Má para a carteira mas não só. «A crise pode refletir-se de diferentes modos na saúde dos portugueses». Quem o diz é o professor Adalberto Campos Fernandes, que não tem dúvidas de que «as restrições económicas acarretam, quase sempre, alterações nos estilos de vida e no comportamento alimentar».

Se está a pensar abandonar a leitura deste texto porque não pode mais ouvir falar da crise, pense duas vezes.

Traçámos, de facto, os piores cenários e antecipámos  consequências desagradáveis, mas não sem lhe propormos um manancial de estratégias para sobreviver saudável aos dias difíceis. Com imaginação, arte, engenho e, mais importante que tudo, sem gastar muito dinheiro.

Como nos afeta?

Adalberto Campos Fernandes assegura que «existe uma profusa evidência científica que correlaciona dificuldades económicas e sociais com agravamento dos indicadores de saúde dos indivíduos e das populações», mas não se atreve a «estimar, com rigor, qual o impacto direto destas situações quer a nível da morbilidade quer a nível da mortalidade».

O que é certo, na opinião do professor da Escola Nacional de Saúde  Pública, é que «estão reunidas um conjunto de condições que favorecem um agravamento das  condições de vida, particularmente, dos mais dependentes, seja pela idade, pela doença ou pela condição económica e social».

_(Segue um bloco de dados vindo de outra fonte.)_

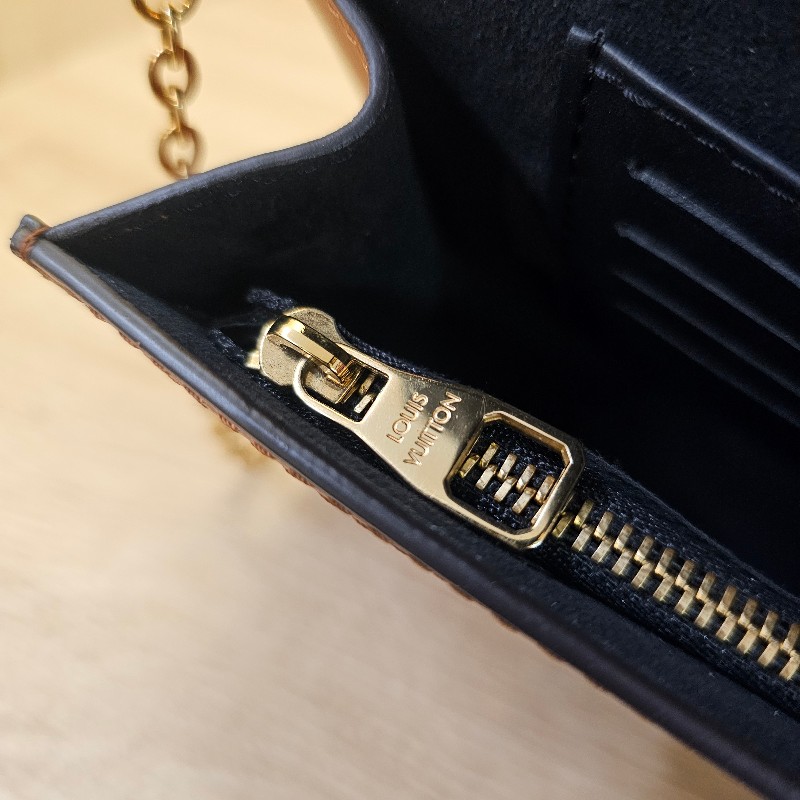 [銷量排名😆超甜價] LV 雙色老花Dauphine金釦斜背Woc-18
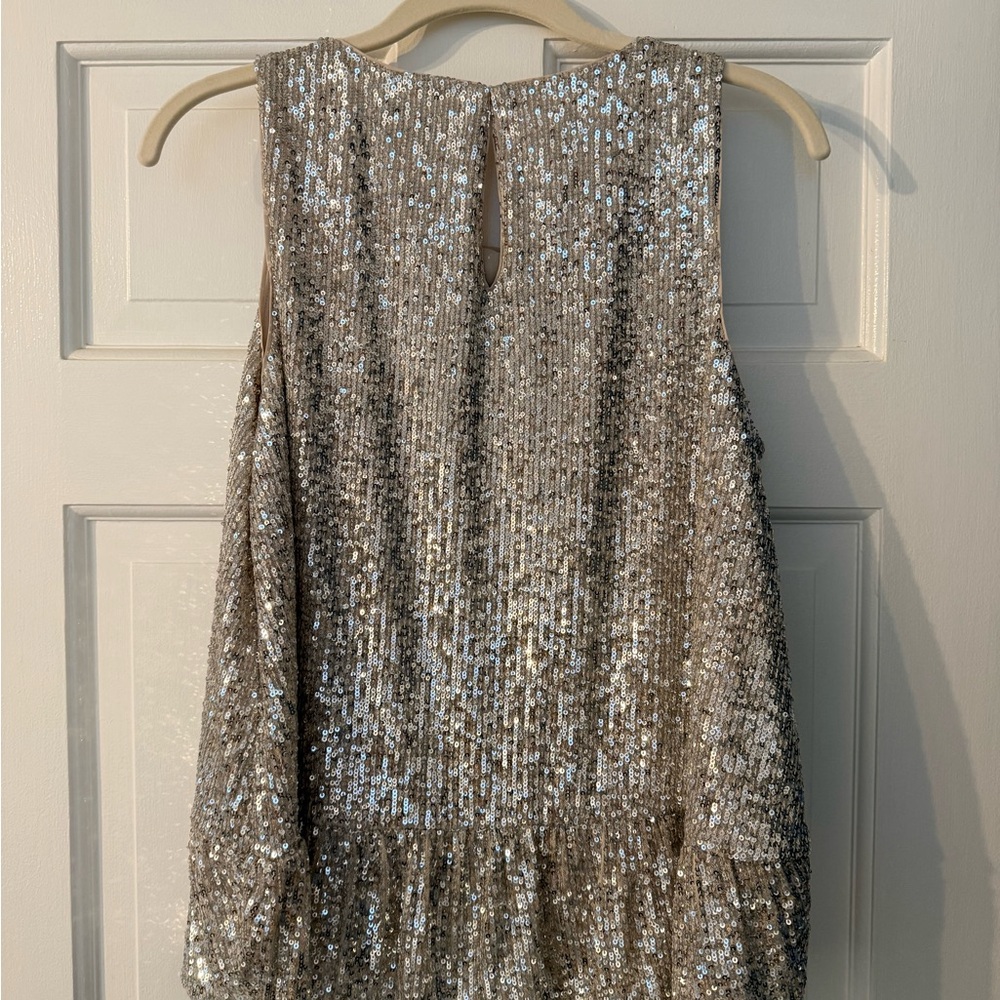 NWOT Vineyard Vines Silver Sequin Peplum Top! ✨ - Picture 5 of 5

Segundo o especialista, a alimentação e a alteração dos estilos de vida são os primeiros a ressentirem-se. «As consequências são, normalmente, uma alimentação mais  desequilibrada em quantidade e em qualidade, menos exercício físico, mais stress e condições favoráveis para a ocorrência de situações depressivas», alerta.

Aliás, devido à crise e às medidas impostas pelo plano de austeridade, as doenças do  foro mental serão, daqui a vinte anos, a principal causa de baixas médicas dos trabalhadores, estima o Observatório Regional de Saúde do Algarve. A obesidade é outra doença com tendência a aumentar nos próximos tempos, alerta a Adexo - Associação Portuguesa de Obesos e Ex-Obesos de Portugal.

Estamos preparados?

A potenciar o agravamento deste quadro, desde já pouco simpático, está a restrição no «acesso e utilização dos cuidados de saúde», refere.

Adalberto Campos Fernandes considera  «indispensável que o sistema de saúde crie condições para evitar que a crise económica possa agravar as condições de saúde dos cidadãos, com particular importância no caso dos doentes crónicos e com menores rendimentos».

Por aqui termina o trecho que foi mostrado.